Adapted Physical Education

Adapted physical education is federally mandated according to special education law. The law states: " ... physical education, specially designed if necessary, must be made available to every student with a disability receiving a free appropriate public education." Adapted physical education services should be a part of the Individual Education Plan (IEP) of every student who is eligible. All states and public schools must comply with this federal law.

According to the National Consortium for Physical Education and Recreation for Individuals with Disabilities (NCPERID), "Qualified teachers with appropriate state-approval, certification, license, or credential in adapted physical education should plan, implement, and evaluate physical education instruction for students with disabilities. Many states have specific qualifications or standards for adapted physical education teachers. In states without established adapted physical education professional standards, qualified personnel should implement adapted physical education. National standards for adapted physical education teachers have recently been developed through a project of NCPERID sponsored by the U.S. Department of Education-Special Education Programs. National Certification in adapted Physical Education is now available to qualified physical education teachers through NCPERID."

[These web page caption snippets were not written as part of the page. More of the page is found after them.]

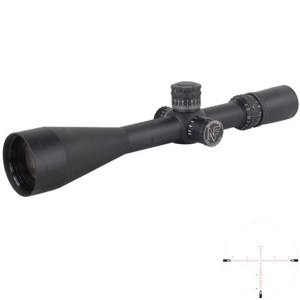 Nightforce Optics 5.5-22x56 NXS Riflescope, Matte Black Finish with Illuminated MOAR Reticle, Zero Stop Turrets, .250 MOA, 30mm Tube 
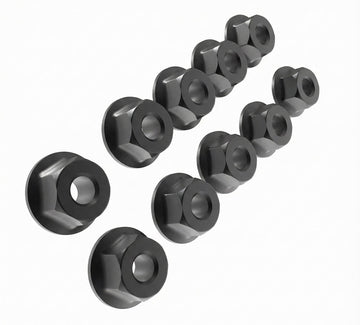 M3 Serrated Face Nut For D6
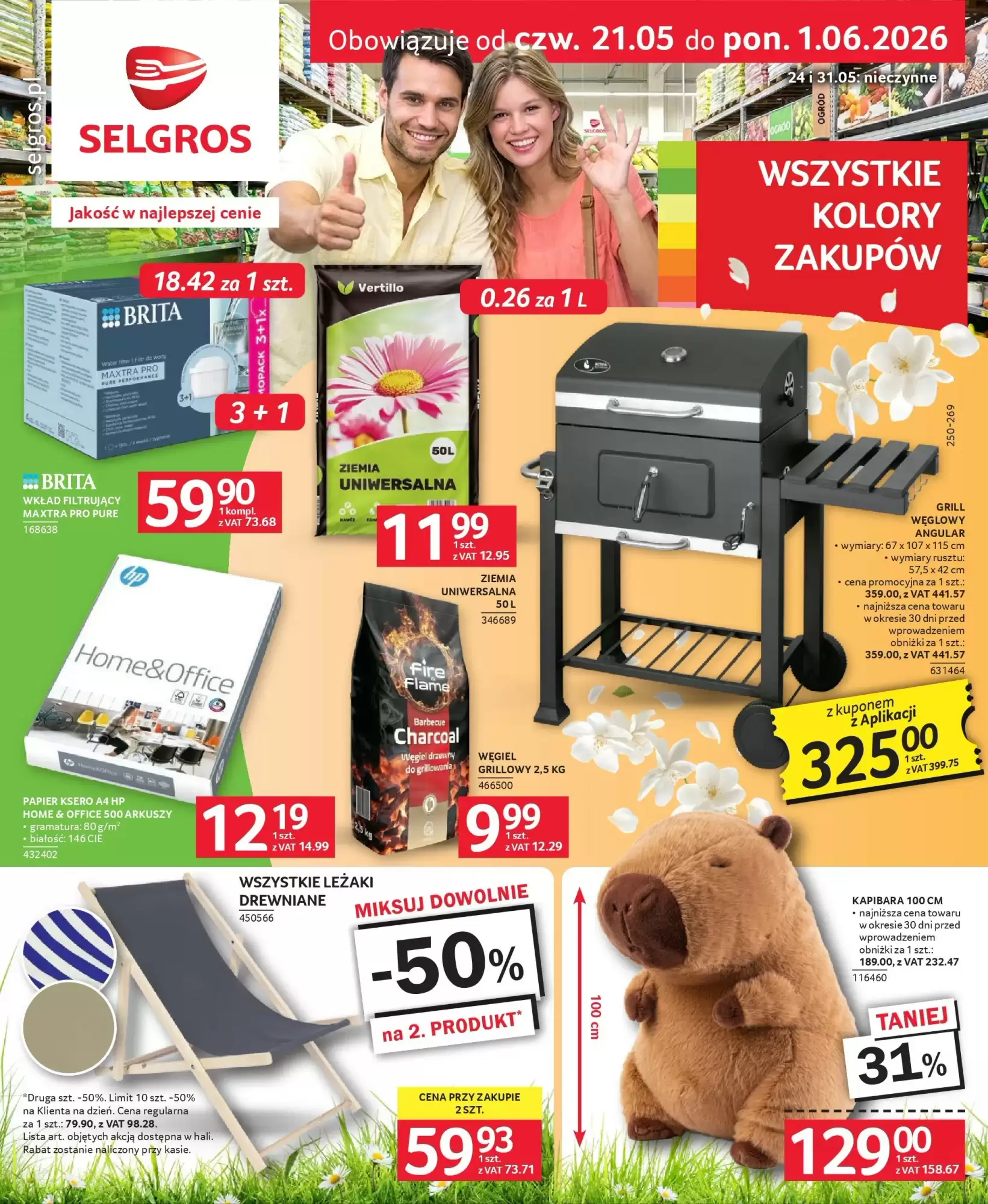 Selgros Gazetka 21.05.2026 - 01.06.2026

In the following articles, three teachers of adapted physical education share their approaches to serving children and adolescents with special needs. These individuals are working within their school districts to ensure that adapted physical education is available to those students who are entitled to it.--the Editors

Learning Movement Through Play

Physical activity is critical to the health and well-being of every individual, and it is even more important for children with disabilities. Adapted physical education (PE) can help children master the skills they will need for daily living, such as walking, running, stair climbing, transferring, and wheelchair mobility. In addition, adapted PE programs help children develop skills for participation in recreational and sport activities within their communities, preparing them for a lifetime of positive, playful activities.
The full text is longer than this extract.